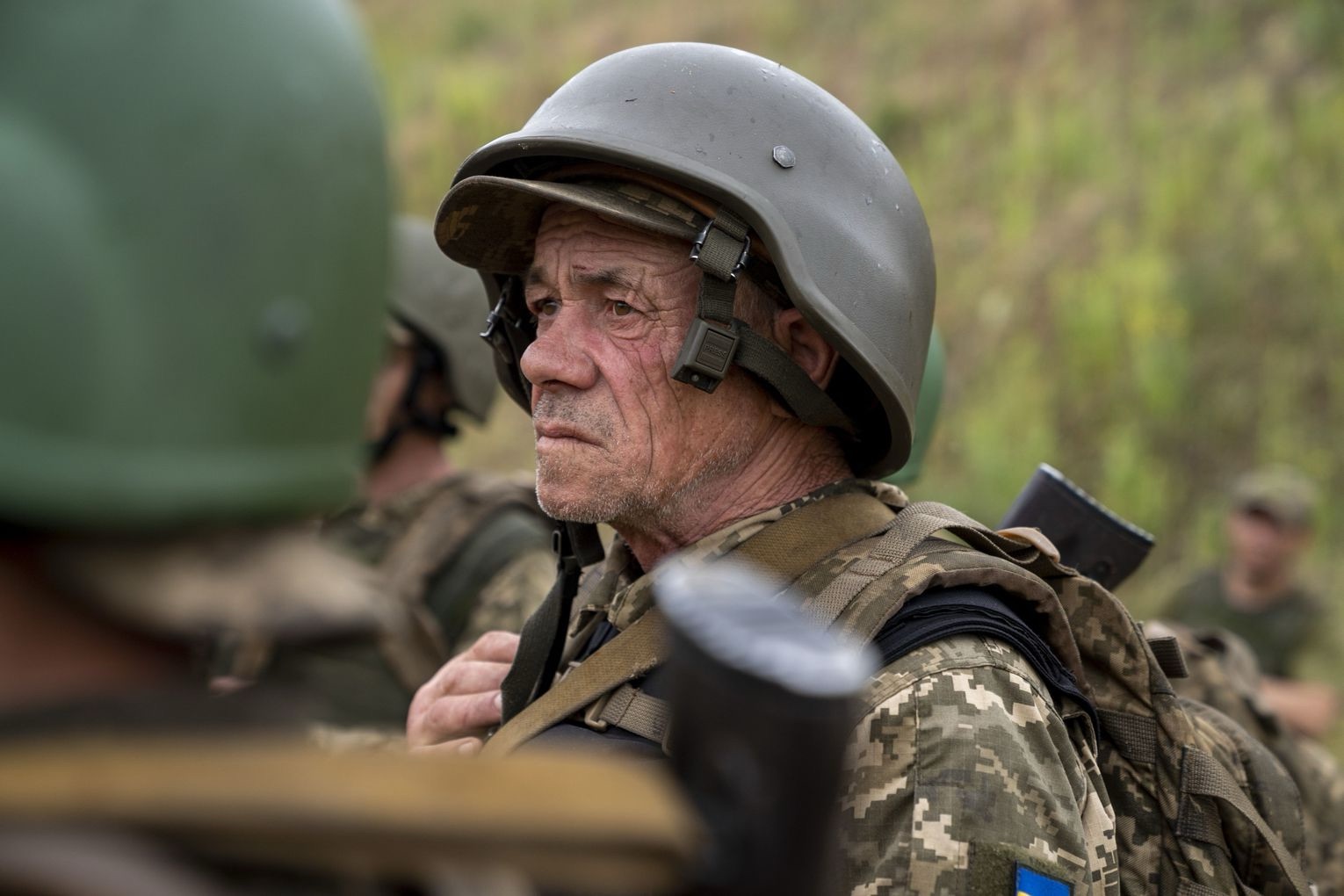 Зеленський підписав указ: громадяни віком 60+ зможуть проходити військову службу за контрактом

■ ■ ■

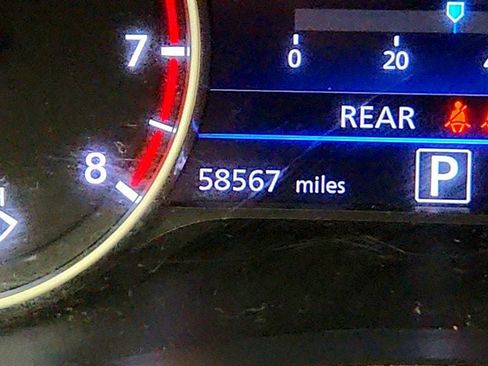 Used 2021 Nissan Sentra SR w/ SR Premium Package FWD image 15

■ ■ ■

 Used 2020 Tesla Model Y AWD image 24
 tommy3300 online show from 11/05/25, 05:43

■ ■ ■

PROBLEM: Reproduce the lines of the entries above from the one with "Used 2020 Tesla Model Y AWD image 24" to the one with "tommy3300 online show from 11/05/25, 05:43", both included, exactly and without any other line.

FINISHED TASK:
 Used 2020 Tesla Model Y AWD image 24
 tommy3300 online show from 11/05/25, 05:43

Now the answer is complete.